Anyway, what this boils down to is; imagine the largest size your temp
array could ever be (i.e no blanks found, so the same size as your input array), fill it up partially, then ReDim Preserve
it once back down to the actual size it has to be.
Putting all that together we get:
Public Function RemoveBlanksFromStringArray(ByRef inputArray() As String) As String()
Dim base As Long
base = LBound(inputArray)
Dim result() As String
ReDim result(base To UBound(inputArray))
Dim countOfNonBlanks As Long
Dim i As Long
Dim myElement As String
For i = base To UBound(inputArray)
myElement = inputArray(i)
If myElement <> vbNullString Then
result(base + countOfNonBlanks) = myElement
countOfNonBlanks = countOfNonBlanks + 1
End If
Next i
If countOfNonBlanks = 0 Then
ReDim result(base To base)
Else
ReDim Preserve result(base To base + countOfNonBlanks - 1)
End If
RemoveBlanksFromStringArray = result
End Function
On a test of 500,000 items
- original code took 1.1481±0.0001 s,
- refactored code took 0.1157±0.0001 s
or ~ 10 times faster
Addendum
Now I think about it, the original code with copying memory boils down to an \$\mathcal O (n^2)\$ algorithm, the refactored code is \$\mathcal O (n)\$ (here \$ n\$ is the size of the array, \$\mathcal O (n^a)\$ basically means you loop over the array \$ a\$ times). Using Timer
for some rough results, you can see this trend:
10,000 elements
Old 0
New 0
100,000 elements
Old 0.046875 (same order of magnitude as each other)
New 0.015625
1,000,000 elements
Old 3.171875 (1 order of magnitude slower relative to New)
New 0.125
10,000,000 elements
Old 321.46875 (2 orders of magnitude slower)
New 1.3125
I.e. When you do 10x more elements, OP's O(n^2) code gets 10^2 = 100 times slower, the refactored O(n) gets 10^1 = 10 times slower. Therefore relative to the new code, the old code gets 10x slower.

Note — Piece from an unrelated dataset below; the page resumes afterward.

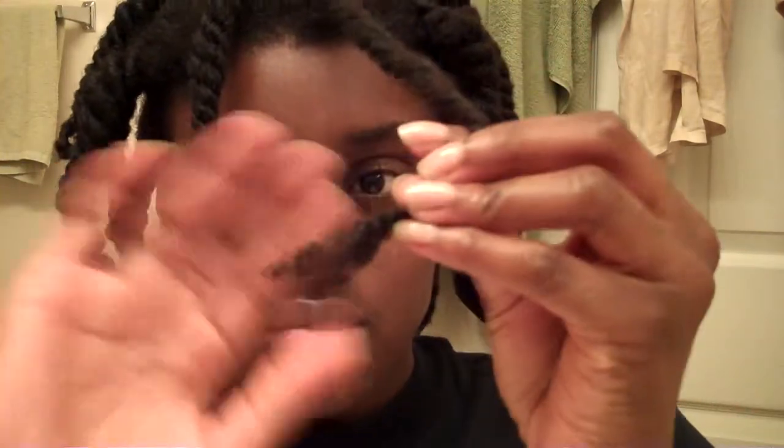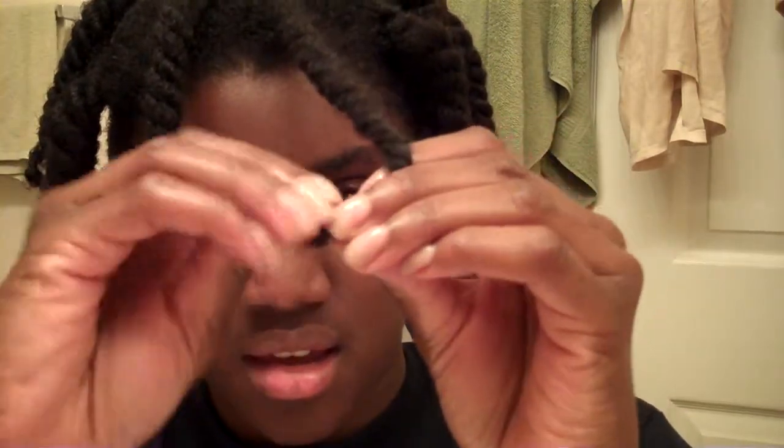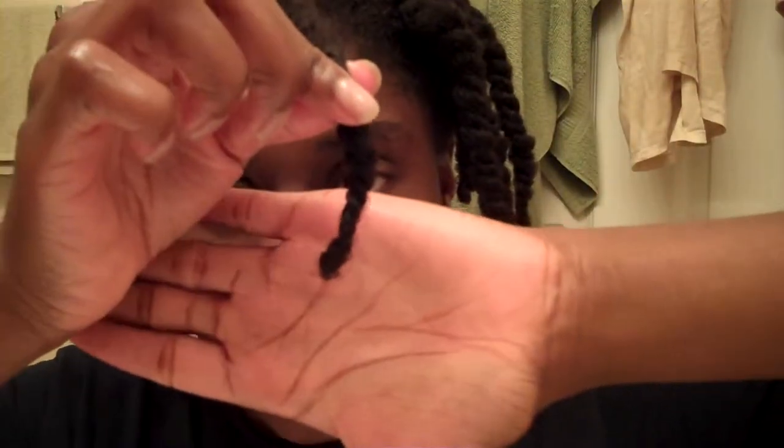So all I do is take the end and do a quick bantu knot — and this does not have to be done tight. Loose is good. And there it is — I will show you the end result tomorrow.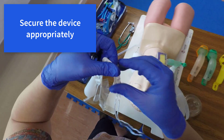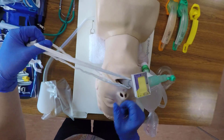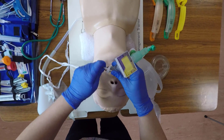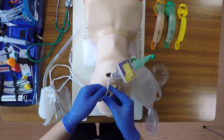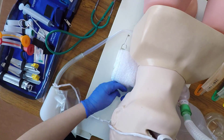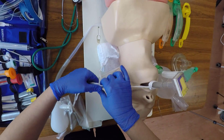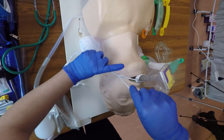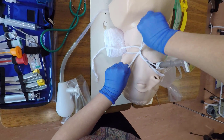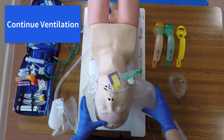The iGel should then be appropriately secured. Continue to ventilate the patient.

Interestingly, because both algorithms are doing essentially the same operation (writing to memory), which is an O(1) operation (i.e. independent of the rest of the code), once you operate on large enough arrays, optimising the rest of the code becomes inconsequential (Early vs Late binding, For Each vs Index, re-using LBound vs re-measuring). So once you get the algorithm down to the lowest complexity possible (assuming performance is an issue), then pick whichever method is most readable and maintainable.